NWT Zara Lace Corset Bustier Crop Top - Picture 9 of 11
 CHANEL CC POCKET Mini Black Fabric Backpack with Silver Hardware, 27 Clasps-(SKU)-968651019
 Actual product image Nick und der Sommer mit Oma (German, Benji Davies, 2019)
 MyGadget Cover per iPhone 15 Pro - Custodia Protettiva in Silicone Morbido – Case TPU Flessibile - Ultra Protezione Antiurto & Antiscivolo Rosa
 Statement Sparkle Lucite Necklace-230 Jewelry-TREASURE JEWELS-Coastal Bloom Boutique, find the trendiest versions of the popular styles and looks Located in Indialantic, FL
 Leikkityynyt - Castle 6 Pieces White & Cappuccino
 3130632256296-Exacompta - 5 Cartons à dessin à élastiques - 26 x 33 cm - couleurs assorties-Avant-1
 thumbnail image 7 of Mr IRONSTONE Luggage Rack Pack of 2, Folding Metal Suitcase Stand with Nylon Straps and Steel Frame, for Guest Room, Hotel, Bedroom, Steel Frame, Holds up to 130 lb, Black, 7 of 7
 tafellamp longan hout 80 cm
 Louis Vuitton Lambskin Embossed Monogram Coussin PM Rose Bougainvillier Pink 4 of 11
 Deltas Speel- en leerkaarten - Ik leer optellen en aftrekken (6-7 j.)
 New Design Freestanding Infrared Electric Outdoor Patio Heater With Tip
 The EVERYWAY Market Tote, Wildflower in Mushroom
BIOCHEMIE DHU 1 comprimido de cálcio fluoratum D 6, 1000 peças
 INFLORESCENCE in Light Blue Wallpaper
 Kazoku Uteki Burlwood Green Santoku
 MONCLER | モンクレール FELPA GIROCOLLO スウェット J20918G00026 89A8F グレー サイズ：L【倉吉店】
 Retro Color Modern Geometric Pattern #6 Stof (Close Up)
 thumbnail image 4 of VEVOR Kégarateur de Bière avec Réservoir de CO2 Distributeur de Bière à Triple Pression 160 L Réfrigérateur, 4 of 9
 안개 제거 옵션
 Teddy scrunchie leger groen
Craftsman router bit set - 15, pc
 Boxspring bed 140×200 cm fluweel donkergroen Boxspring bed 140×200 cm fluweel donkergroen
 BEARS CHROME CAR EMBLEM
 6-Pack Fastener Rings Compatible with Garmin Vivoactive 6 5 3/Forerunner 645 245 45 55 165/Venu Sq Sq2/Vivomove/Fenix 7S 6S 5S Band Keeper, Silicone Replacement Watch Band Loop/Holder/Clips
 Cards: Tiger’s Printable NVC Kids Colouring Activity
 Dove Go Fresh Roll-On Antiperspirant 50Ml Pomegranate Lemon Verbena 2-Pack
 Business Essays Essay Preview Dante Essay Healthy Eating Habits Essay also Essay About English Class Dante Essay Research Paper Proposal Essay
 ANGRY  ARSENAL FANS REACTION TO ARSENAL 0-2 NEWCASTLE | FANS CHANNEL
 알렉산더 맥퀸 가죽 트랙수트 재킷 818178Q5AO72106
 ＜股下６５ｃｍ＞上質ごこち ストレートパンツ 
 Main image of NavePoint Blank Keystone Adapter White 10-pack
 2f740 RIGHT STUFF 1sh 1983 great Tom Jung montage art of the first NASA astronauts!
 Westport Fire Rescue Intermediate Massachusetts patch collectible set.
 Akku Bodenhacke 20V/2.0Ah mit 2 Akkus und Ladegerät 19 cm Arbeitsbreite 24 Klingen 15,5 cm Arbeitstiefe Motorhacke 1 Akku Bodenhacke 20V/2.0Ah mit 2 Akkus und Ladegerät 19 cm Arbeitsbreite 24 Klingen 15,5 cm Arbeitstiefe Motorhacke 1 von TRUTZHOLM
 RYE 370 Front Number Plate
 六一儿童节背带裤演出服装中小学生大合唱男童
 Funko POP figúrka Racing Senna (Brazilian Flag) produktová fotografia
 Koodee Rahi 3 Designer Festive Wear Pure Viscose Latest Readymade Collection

Work instructions →
Transcribe verbatim. Cover the lines from the first line of the entries above to the line containing "MyGadget Cover per", inclusive.

Result →
NWT Zara Lace Corset Bustier Crop Top - Picture 9 of 11
 CHANEL CC POCKET Mini Black Fabric Backpack with Silver Hardware, 27 Clasps-(SKU)-968651019
 Actual product image Nick und der Sommer mit Oma (German, Benji Davies, 2019)
 MyGadget Cover per iPhone 15 Pro - Custodia Protettiva in Silicone Morbido – Case TPU Flessibile - Ultra Protezione Antiurto & Antiscivolo Rosa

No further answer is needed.